Week Five
Lorde examines how oppression operates on people's loathing of difference and their tendency to either ignore it or use it as a block to progress. This loathing of difference creates different kinds of limits. It limits the connections we can make with other people; Lorde discusses the generational "gap" that exists in our society and how because of this progressive lessons that the former generation has learned don't get passed down to the younger one. Lorde describes this as having to "invent the wheel every time we have to go to the store for bread." Ignoring differences produce ignorances about the real needs of people. The white, middle class, heterosexual dominated women's movement often ignored the fact that lesbians and women of color were different from themselves and did not simply share all the same problems and agendas. A person's ability to identify with the oppressor also varies. Lorde discusses the issue that there is more room for white women to seek a small share in the larger power of a patriarchal world than there is for black women. She also discusses the need for black women to come together as women and to cease relying on black men for identity.
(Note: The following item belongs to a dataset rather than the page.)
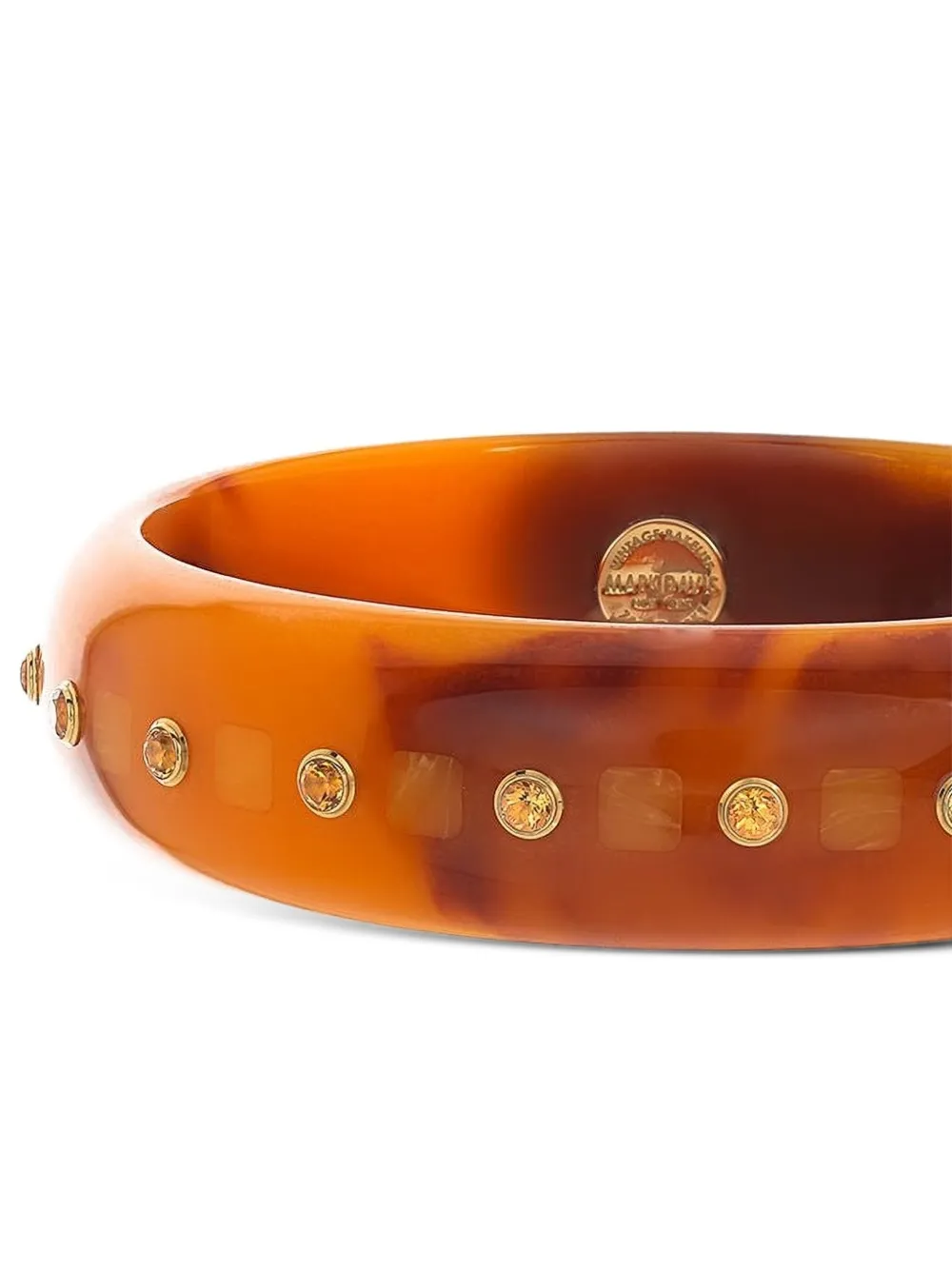 Mark Davis 18k Yellow Gold Citrine Bakelite Bangle Bracelet In Brown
She explains her position as a lesbian of color: she is often made an enemy where she would be an ally in different communities, asked to abandon parts of her identity for the sake of avoiding tension by calling attention to her differences from others.
Lorde does not consider patriarchy the one primary form of oppression and discusses the consequences of obsessively focusing on oppression in terms of sex, or, for that matter, race, class, or age. She advises a more inclusive approach: recognizing difference and the relevence it has in people's lives and asking us to use a more intersectional approach to analyzing oppression and systems of power.